The Sultanate of Tidore ruled most of southern Halmahera, and, at times, controlled Buru, Ambon and many of the islands off the coast of New Guinea. In 1605 war broke out with neighbouring Ternate. Tidore had established a loose alliance with the Portuguese in the seventeenth century who had several forts on the island. Ternate had allied with Dutch traders.
Tidore established a loose alliance with the Spanish in the sixteenth century, and Spain had several forts on the island. While there was much mutual distrust between the Tidorese and the Spaniards, for Tidore the Spanish presence was helpful in resisting incursions by their Dutch enemy on Ternate, as well as their Dutch ally, that had a fort on that island.
Before the Spanish withdrawal from Tidore and Ternate in 1663, Tidore became one of the most independent kingdoms in the region, resisting direct control by Dutch East India Company (VOC). Particularly under Sultan Saifuddin (r. 1657-1689), the Tidore court was skilled at using Dutch payment for spices for gifts to strengthen traditional ties with Tidore's traditional periphery.
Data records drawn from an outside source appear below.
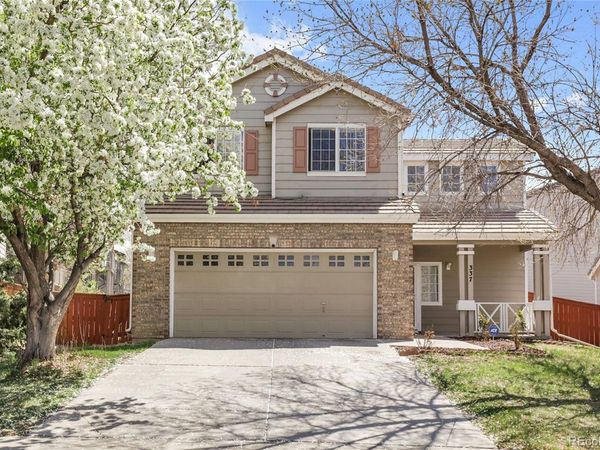 337 Ivory Circle, Aurora, CO 80011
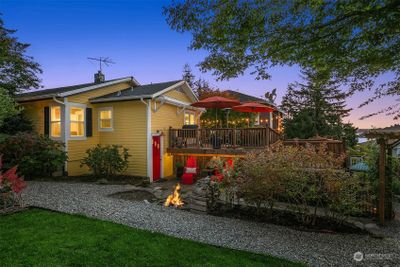 3103 Park Avenue N, House other with 2 bedrooms, 2 bathrooms and 1 parking in Renton WA | Image 3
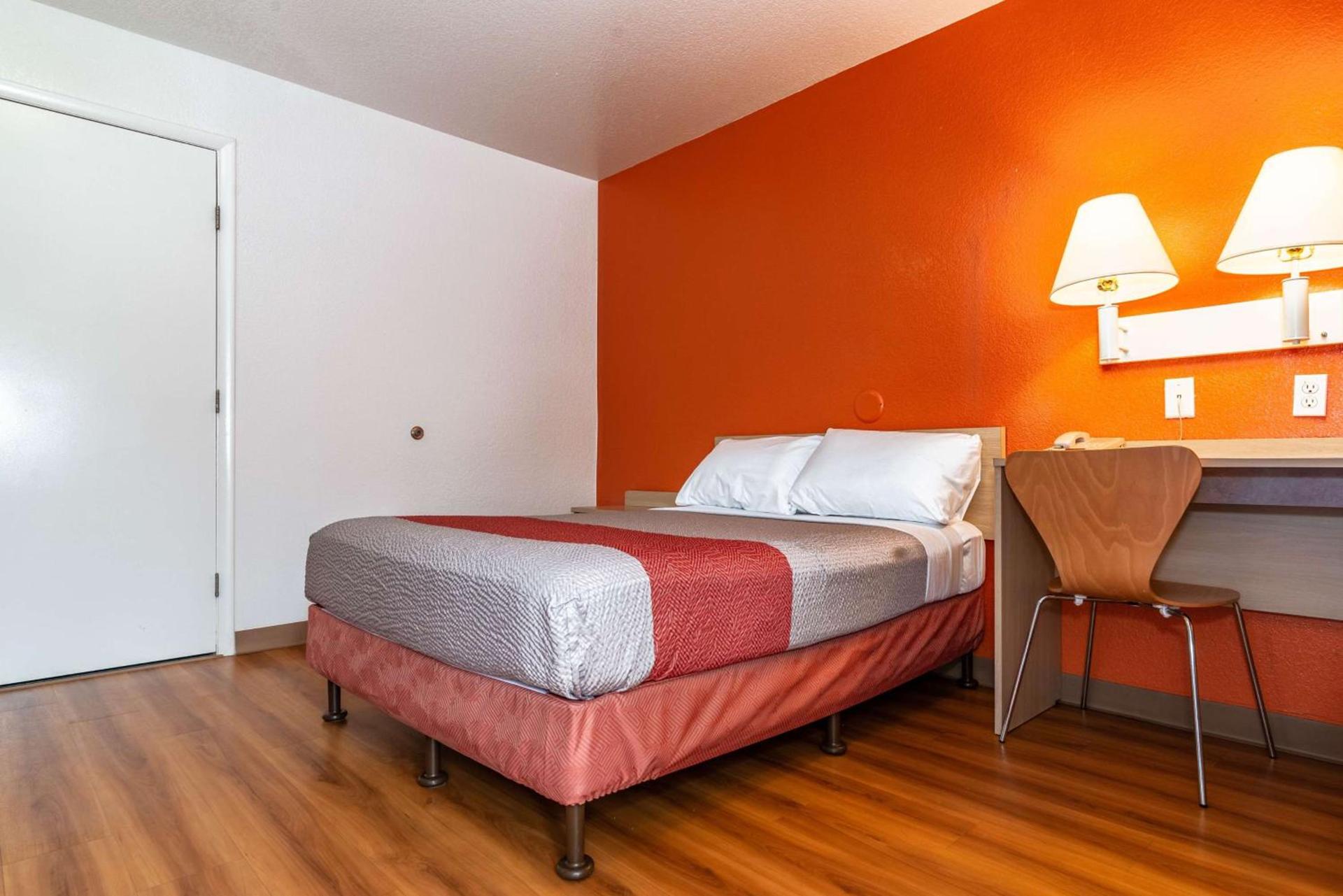 Motel 6-Palm Springs, CA - East - Palm Canyon photo 17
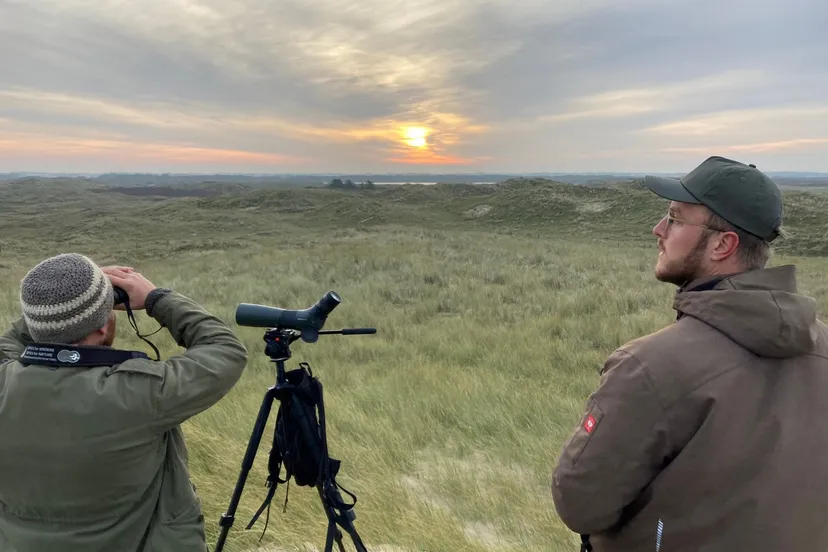 joris en jakob met verrekijker en telescoop
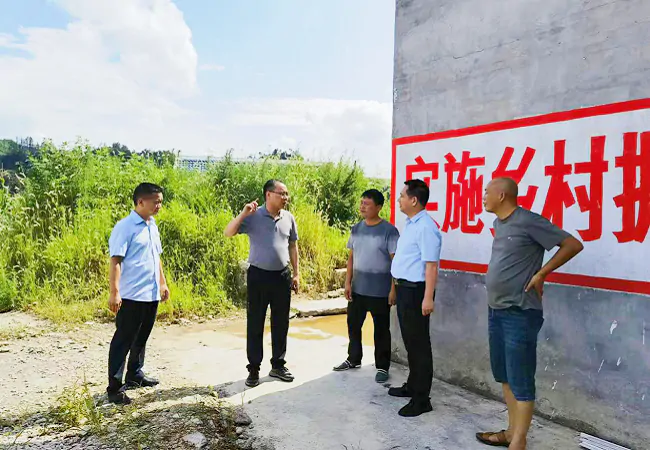 邮储银行黔东南州分行党委书记李强赴帮扶村调研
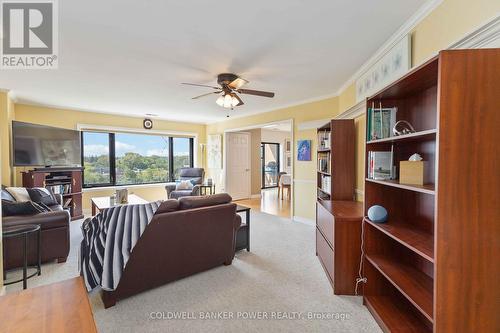 602 - 19 King Street, London East (East K), ON - Indoor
As a result, he was widely respected by many local populations, and had little need to call on the Dutch for military help in governing the kingdom, as Ternate frequently did.
Tidore remained an independent kingdom, albeit with frequent Dutch interference, until the late eighteenth century. Like Ternate, Tidore allowed the Dutch spice eradication program (extirpatie) to proceed in its territories. This program, intended to strengthen the Dutch spice monopoly by limiting production to a few places, impoverished Tidore and weakened its control over its periphery.